As former Chief of Staff, Leo has long been used to being in charge. As candidate for Vice President, he is not accustomed to being told what to do and how to do it, especially not by the White House. Faced with the upcoming election, Leo briefly forgets that Bartlet still has an administration to run, and he has to sieze opportunities when they come regardless of the potentially harmful impact it may have on his party’s candidate.

I find the change in dynamics between the current West Wing staff (Toby and CJ) and the former staff (Josh and Leo) an interesting development. Toby and CJ definitely show a bit of resentment towards Josh and Leo for having left the administration to go for something else. You can also see how Josh and Leo feel slightly betrayed by their former co-workers when they go for an educational reform bill that could eliminate Santos’ major platform for the election. To cap off the animosity felt between characters, Josh lets Donna have it when she comes in to interview for Santos’ Deputy Chief of Staff. Josh recites back Donna’s jabs and barbs at Santos during the primaries. The last time Donna is seen in the episode is when she storms out of Josh’s office without the job she thought she would effortlessly get.

SVU was also an interesting premiere. Tonight’s story centered around a mother-daughter con artist pair that successfully conned millions of dollars from unsuspecting men for two decades. Olivia is the first one conned in the episode, but not the first, nor the last, to be duped by this deceptive duo (good alliteration, eh?). Guest stars in the premiere include Mark McGrath, playing himself, and Linda Carter, playing the mother con.

April Troost, played by guest star Estella Warren, is a pregnant woman threatening to jump off of a hotel balcony because she claimed to have been the victim of rape.
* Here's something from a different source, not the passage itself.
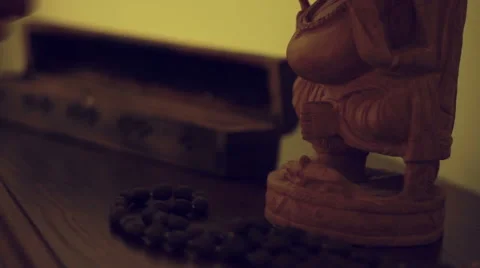 Man sets fire to a stick of incense and then lays out a yoga mat on the floor Stock Footage 67645425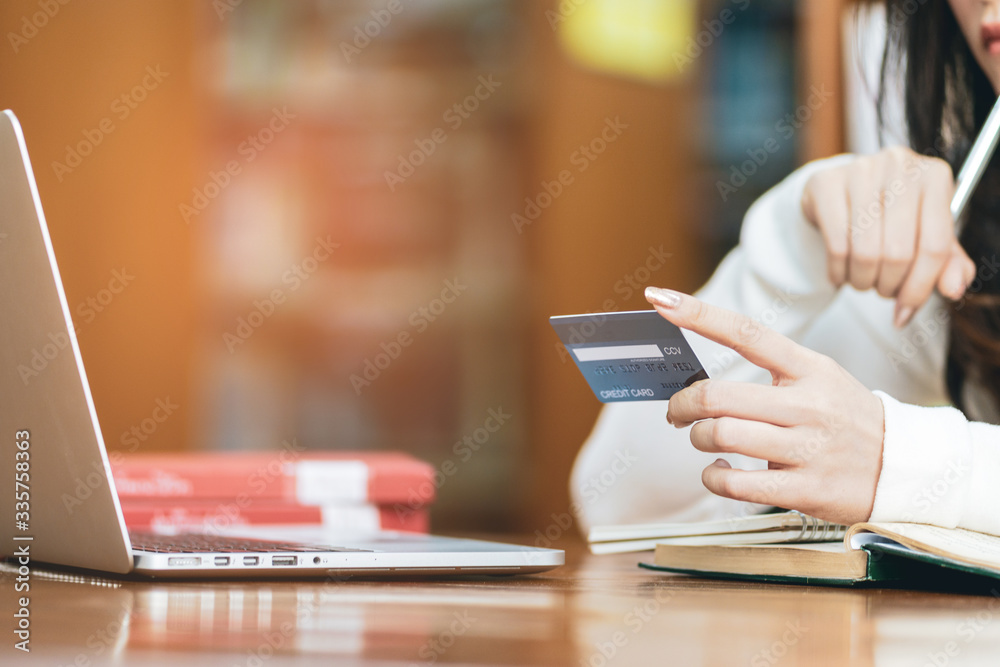 Young asian woman holding credit card and enter the payment code for the product with using laptop computer at home. Online shopping concept.woman dreams about purchasing through the internet Young asian woman holding credit card and enter the payment code for the product with using laptop computer at home. Online shopping concept.woman dreams about purchasing through the internet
DNA tests positively identify a rich scientist as the father of the baby, but he has no recollection of sleeping with Troost. It turns out that Troost drugged her marks with Rohypnol and used an anal probe of sorts to cause electro-ejaculation. There was nothing funnier than Ice-T’s and Richard Belzer’s faces when the medical examiner told them how the con was being accomplished.

I think the greatest part is that tonight’s SVU is the first of a two-part crossover with Law & Order. I’m not quite sure how the stories will be tied together, because SVU ended tonight without a cliffhanger. It was an episode that could stand on its own. Rich had a good point when he mentioned that the worst parts of the other crossover episodes that appear in syndication is that you don’t always get the full story. This episode doesn’t leave you hanging, wondering what’s going to happen next, but yet it does at the same time.

So, yes, this post is NBC-heavy. Sorry, but that’s all I’ve had time to watch so far. I’ll get to watching the rest of the premieres we have on the DVR, as well as the second episodes. Until then, you’ll have to settle for this.